- [What is required]
When you reach the line with "A group of men" in the listing below, transcribe it and each line after it up to and including the line with "11 - Set of", exactly and with nothing else.

- [Listed entries]
:::::

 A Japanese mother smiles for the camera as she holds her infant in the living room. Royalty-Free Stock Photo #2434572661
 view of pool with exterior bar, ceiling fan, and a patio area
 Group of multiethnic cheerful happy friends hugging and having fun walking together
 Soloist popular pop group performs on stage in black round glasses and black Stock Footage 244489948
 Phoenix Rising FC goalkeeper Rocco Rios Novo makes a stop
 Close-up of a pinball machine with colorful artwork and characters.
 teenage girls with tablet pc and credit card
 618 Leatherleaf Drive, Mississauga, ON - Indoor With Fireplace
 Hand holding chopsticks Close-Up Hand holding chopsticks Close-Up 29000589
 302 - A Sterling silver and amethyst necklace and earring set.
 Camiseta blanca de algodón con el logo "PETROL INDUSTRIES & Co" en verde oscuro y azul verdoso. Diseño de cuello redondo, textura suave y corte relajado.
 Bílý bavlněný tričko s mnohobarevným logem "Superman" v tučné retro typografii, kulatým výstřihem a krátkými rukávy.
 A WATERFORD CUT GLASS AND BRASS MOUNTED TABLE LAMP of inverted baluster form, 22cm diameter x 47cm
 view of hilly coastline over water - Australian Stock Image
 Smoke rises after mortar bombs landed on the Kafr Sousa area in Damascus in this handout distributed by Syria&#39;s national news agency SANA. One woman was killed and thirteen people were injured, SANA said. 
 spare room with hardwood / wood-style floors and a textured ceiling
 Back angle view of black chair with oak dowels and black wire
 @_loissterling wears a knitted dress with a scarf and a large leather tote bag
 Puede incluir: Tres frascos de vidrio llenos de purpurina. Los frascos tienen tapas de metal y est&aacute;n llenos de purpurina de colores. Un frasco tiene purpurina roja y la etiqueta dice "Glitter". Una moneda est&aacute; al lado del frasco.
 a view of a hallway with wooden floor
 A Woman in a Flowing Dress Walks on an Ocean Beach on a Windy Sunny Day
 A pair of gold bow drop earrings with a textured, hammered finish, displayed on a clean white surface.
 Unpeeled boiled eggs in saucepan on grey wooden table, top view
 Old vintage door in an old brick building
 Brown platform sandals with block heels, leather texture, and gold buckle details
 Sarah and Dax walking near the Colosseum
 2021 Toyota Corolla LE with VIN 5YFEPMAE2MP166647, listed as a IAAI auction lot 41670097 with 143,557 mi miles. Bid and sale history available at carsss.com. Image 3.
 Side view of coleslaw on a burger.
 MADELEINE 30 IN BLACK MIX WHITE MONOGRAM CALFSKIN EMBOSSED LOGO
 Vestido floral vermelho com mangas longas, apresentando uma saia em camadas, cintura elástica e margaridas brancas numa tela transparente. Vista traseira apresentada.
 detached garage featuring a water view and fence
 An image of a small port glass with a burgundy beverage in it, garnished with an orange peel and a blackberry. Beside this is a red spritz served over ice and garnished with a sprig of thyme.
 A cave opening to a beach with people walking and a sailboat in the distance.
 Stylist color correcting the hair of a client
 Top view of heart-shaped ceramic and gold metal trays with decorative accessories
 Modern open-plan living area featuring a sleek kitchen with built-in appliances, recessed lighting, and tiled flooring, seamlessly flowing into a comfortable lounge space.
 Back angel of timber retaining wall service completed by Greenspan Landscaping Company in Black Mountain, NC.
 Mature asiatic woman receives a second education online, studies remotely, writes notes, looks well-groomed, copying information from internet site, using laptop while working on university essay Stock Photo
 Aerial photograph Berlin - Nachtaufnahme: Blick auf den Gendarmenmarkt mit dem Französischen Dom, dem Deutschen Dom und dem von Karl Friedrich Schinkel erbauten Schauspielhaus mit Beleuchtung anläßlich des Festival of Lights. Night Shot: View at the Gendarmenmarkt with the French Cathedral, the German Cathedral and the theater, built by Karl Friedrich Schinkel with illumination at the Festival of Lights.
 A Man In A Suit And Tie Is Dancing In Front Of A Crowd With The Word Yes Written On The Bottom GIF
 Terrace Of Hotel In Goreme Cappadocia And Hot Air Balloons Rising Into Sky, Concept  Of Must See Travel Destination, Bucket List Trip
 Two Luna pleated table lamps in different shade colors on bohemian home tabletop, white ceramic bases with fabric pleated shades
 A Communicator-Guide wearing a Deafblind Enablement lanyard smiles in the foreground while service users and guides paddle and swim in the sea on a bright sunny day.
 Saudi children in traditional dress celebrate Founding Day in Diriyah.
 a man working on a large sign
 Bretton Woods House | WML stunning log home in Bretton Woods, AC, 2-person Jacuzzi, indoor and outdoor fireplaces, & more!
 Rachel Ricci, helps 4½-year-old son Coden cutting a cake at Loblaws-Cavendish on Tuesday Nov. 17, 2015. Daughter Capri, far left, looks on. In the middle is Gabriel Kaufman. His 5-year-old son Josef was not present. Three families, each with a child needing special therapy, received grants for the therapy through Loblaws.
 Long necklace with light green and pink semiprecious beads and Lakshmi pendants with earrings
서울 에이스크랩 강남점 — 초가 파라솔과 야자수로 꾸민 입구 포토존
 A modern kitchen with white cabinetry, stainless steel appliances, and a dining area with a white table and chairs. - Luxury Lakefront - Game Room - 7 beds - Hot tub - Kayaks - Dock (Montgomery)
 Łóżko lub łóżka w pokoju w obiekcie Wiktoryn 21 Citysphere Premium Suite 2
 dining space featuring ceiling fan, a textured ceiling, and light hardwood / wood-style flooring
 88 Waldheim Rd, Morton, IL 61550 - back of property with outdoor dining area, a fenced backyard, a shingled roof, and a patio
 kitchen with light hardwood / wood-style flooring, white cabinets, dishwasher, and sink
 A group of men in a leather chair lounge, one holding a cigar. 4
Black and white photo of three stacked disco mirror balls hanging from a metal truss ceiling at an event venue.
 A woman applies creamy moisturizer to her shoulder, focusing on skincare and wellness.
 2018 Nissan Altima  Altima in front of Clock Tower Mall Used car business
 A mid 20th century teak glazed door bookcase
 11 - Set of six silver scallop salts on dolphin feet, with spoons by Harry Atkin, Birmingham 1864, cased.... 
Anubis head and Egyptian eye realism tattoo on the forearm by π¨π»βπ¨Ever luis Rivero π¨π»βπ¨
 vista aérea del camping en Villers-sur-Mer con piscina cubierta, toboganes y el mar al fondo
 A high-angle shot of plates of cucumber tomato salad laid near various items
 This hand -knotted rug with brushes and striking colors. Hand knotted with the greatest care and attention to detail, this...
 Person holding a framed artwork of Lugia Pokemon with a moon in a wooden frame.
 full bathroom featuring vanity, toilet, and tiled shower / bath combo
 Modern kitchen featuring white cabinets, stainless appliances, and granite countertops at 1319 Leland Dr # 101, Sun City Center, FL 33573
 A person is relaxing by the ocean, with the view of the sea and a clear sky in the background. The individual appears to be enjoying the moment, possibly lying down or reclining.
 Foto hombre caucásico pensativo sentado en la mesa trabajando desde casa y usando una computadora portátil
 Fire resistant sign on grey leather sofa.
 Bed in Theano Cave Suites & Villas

:::::

- [Answer section]
 A group of men in a leather chair lounge, one holding a cigar. 4
Black and white photo of three stacked disco mirror balls hanging from a metal truss ceiling at an event venue.
 A woman applies creamy moisturizer to her shoulder, focusing on skincare and wellness.
 2018 Nissan Altima  Altima in front of Clock Tower Mall Used car business
 A mid 20th century teak glazed door bookcase
 11 - Set of six silver scallop salts on dolphin feet, with spoons by Harry Atkin, Birmingham 1864, cased.... 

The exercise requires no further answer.